Por ese entonces, la revista Cerdos y Peces, comandada por Enrique Symns –miembro de la primera camada ricotera– sufría los altibajos del mundo que la alimentaba y, sirviéndose de ello, Rocambole la sitúa en la tapa del disco en una figura evidente, pero perfecta. Debajo, un cuerpo, encorvado por el tiempo y la injusticia, escapa con su almuerzo,acompañado de un felino disecado. La nota siguiente, que también hablaba sobre la protesta de los jubilados, era mucho más sensacionalista y los mostraba comiendo gatos, sobreviviendo al hambre que las políticas neoliberales repartieron.
«El gato ese es de verdad», nos grita Rocambole. Porque la obra, que iba a ser una pintura, se convirtió, tras los disparos del matutino, en una puesta en escena de una época salpicada con los atrevimientos de un artista contracultural. Tiempo antes, mucho antes de empezar a armar la tapa, una gotera jodía en el taller de trabajo. Removiendo las chapas del techo para solucionar la filtración encontró un gato petrificado, absolutamente seco. «Para algo me va a servir, pensé y lo guardé en un cajón».
Las reglas también están, sobre todo, para romperlas desde la imaginación.

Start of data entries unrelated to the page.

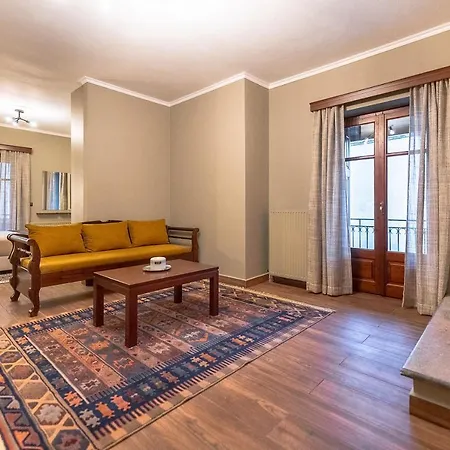 Πανσιόν Ef Zin Αράχωβα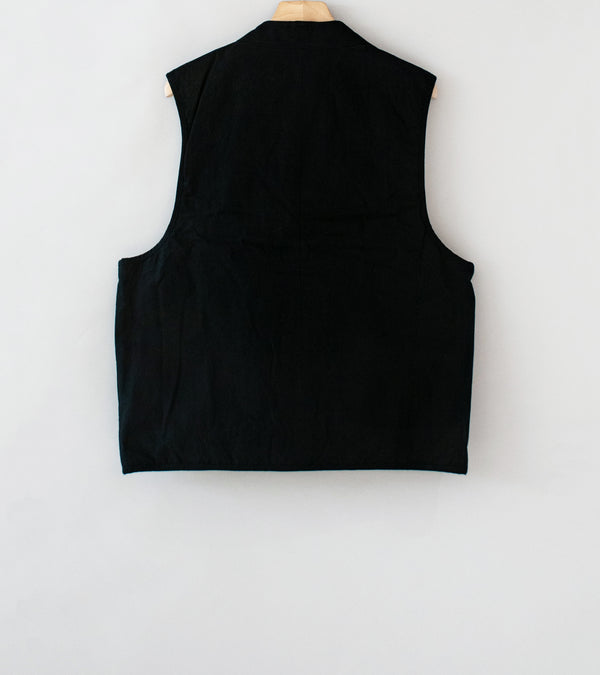 MAN-TLE 'R19 D5 Down Shield Vest' (Black Wax)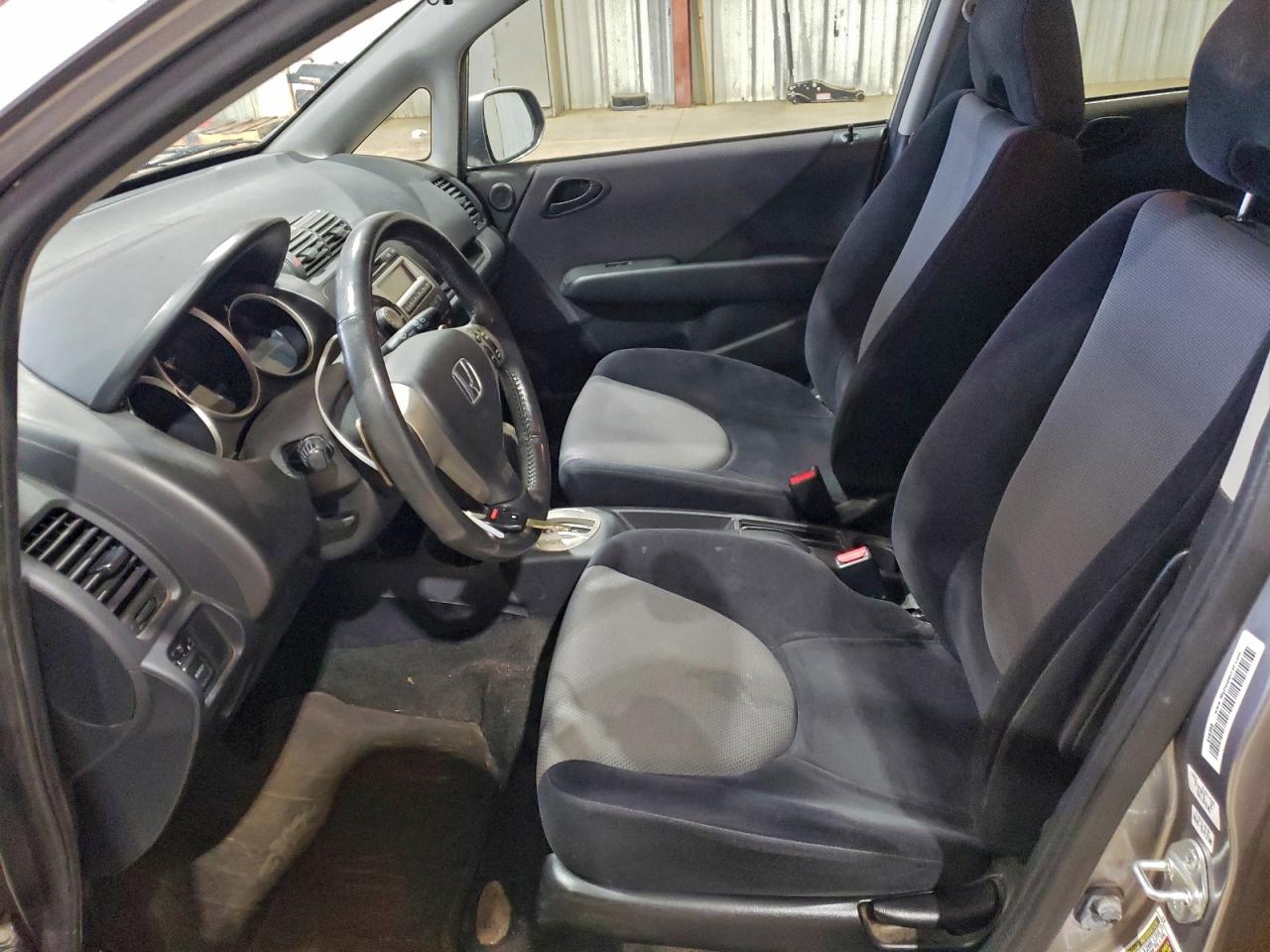2007 HONDA FIT photo 7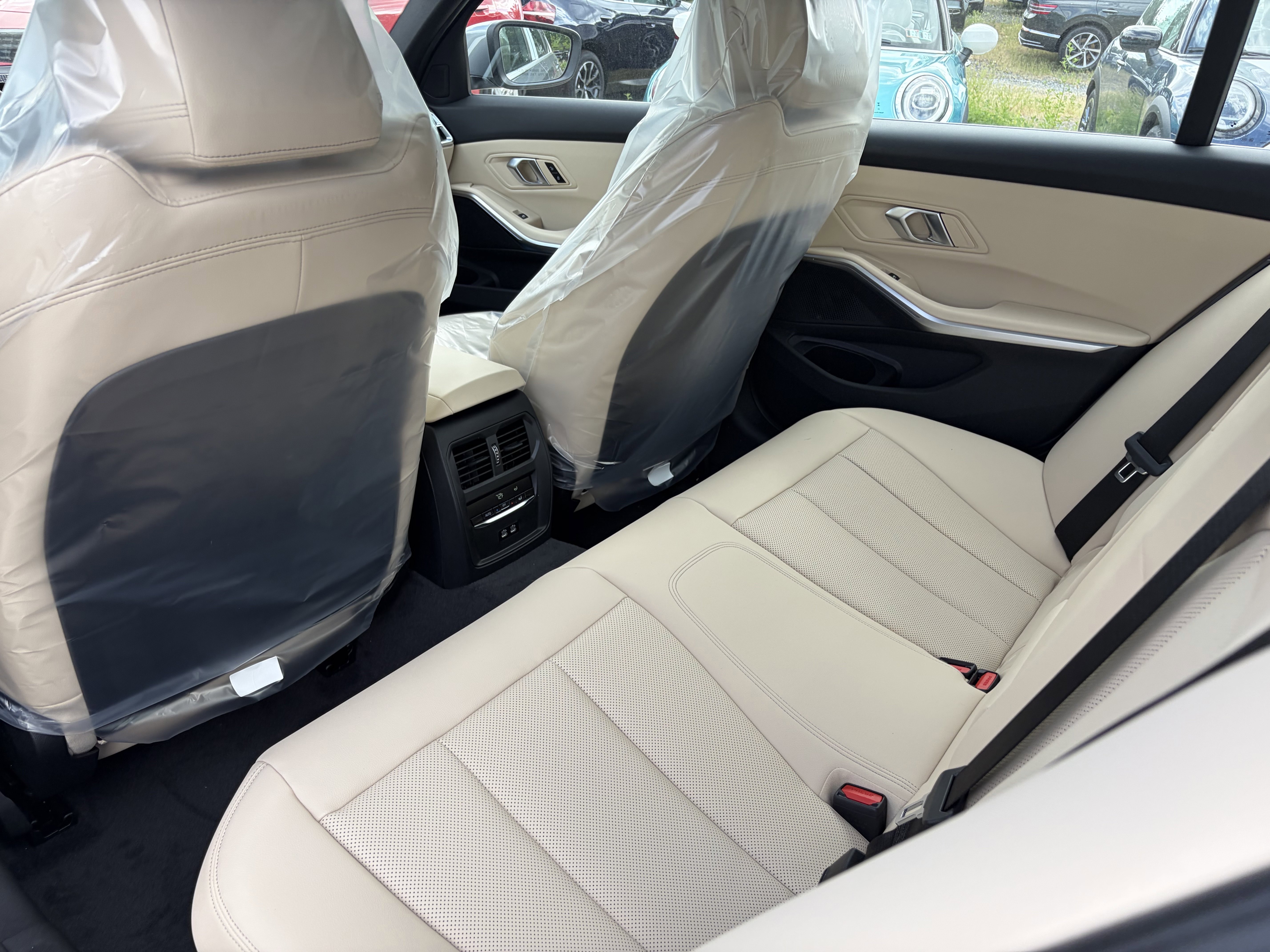 New 2026 Skyscraper Grey Metallic BMW 330i xDrive image 15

Rocambole es eso, un tipo que atentó contra lo establecido proponiendo un nuevo código en el lenguaje que usamos todos los días. En las mochilas, los muros, las banderas, los cuadros y hasta en las pieles, puede verse la mano de una figura que arranca sin soltar, la cadena que lo apresa, en un grito desgarrador de libertad. Un símbolo ricotero, que hizo carne la lucha contra las miserias que no nos permiten arremolinar.
Pasta de campeón
Las palmas se encuentran varias veces para celebrar la charla. Encendieron las luces y volvemos a ser los que llegamos en taxi rogando encontrar agua caliente. Otra vez en el stand, los transeúntes del mundo del diseño rosarino nos miran con desconfianza, pero las ilustraciones de nuestra revista nos salvan la ropa.
Estamos atrapados entre sujetos que saben de relieves, maquetación y gramajes, rogando que sólo nos pregunten de literatura, pero no porque sepamos responder, sino porque podemos mentirles mejor. Moli saluda nuestro regreso y en una jugada maradoniana le regala a Rocambole algunos números de esto que nos encanta hacer. «Sacate una foto, así me creen».
El día está hecho y apenas son las once y media de la mañana. La jornada sigue, pero nosotros ya podemos irnos en paz.